Time-invariant effects of covariates
The following code fits a model where \(x_2\) is assumed to have a time-invariant effect but \(x_1\) is allowed to have a time-varying effect.
model4 <- tvem(data=the_data,
formula=y~x1,
invar_effect=~x2,
id=subject_id,
time=time)
print(model4)
#> =======================================================
#> Time-Varying Effects Modeling (TVEM) Function Output
#> =======================================================
#> Response variable: y
#> Response outcome distribution type: gaussian
#> Time interval: 0 to 7
#> Number of subjects: 300
#> Effects specified as time-varying: (Intercept), x1
#> You can use the plot function to view the plots.
#> =======================================================
#> Effects specified as non-time-varying:
#> estimate standard_error
#> x2 0.1753651 0.008207847
#> =======================================================
#> Back-end model fitted in mgcv::bam function:
#> Method fREML
#> Formula:
#> y ~ x1 + x2 + s(time, bs = "ps", by = NA, pc = 0, k = 24, fx = FALSE) +
#> s(time, bs = "ps", by = x1, pc = 0, m = c(2, 1), k = 24,
#> fx = FALSE)
#> Pseudolikelihood AIC: 44285.93
#> Pseudolikelihood BIC: 44370.6
#> Note: Used listwise deletion for missing data.

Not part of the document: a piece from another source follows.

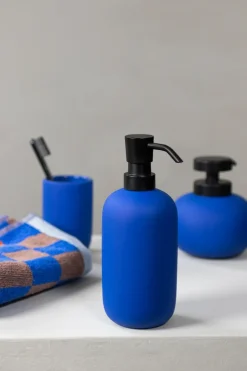 Dispensador de jabón Lotus alto, Cobalt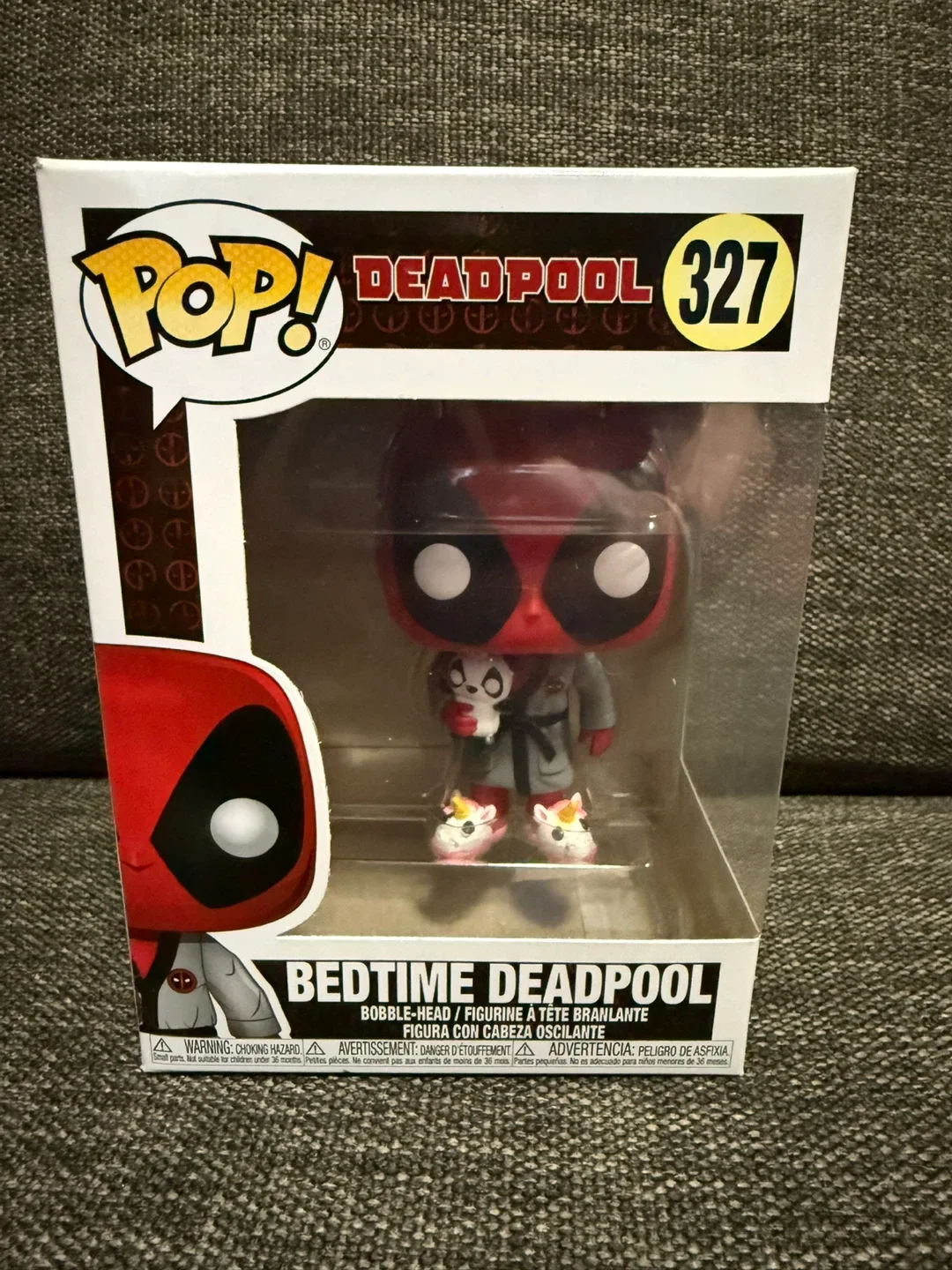 New Funko Pop! Deadpool 327 Bedtime Deadpool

#> =======================================================
plot(model4)
The implied mean model is \(E(y|t) =\beta_0(t)+\beta_1(t)x_1(t) + \beta_2 x_2(t).\) Notice that only covariates with time-varying effects are listed in the formula argument. The invar_effect argument is used for covariates with time-invariant effects. Also notice that a tilde (~) sign is needed before the list of covariates with time-invariant effects, because it is treated as the right-hand side of a formula. If there were multiple covariates with time-invariant effects, they would be listed as follows: ~x2+x3+x4 which again follows R style for the right-hand side of a formula.
In the output, there is no longer a plot for the coefficient of \(x_2\) as a function of time, because \(\beta_2\) is considered constant over time even if \(x_2\) varies. Instead, the estimate and estimated standard error of \(\beta_2\) are given as text in the output from print.
The seeming oscillations in confidence interval width in the plot do not have any particular interpretation; they are just an artifact of the locations of the knots. Also, the confidence intervals shown are approximate pointwise confidence intervals, much like those in the Methodology Center’s %TVEM SAS macro. They are not simultaneous confidence bands, so they do not directly correct for multiple comparisons.
The main takeaway message from the analysis is the increasing \(\beta_1(t)\) over time, suggesting an increasing association between \(x_1\) and \(y\), that is, some kind of interaction between \(t\) and \(x_1\) in predicting \(y\).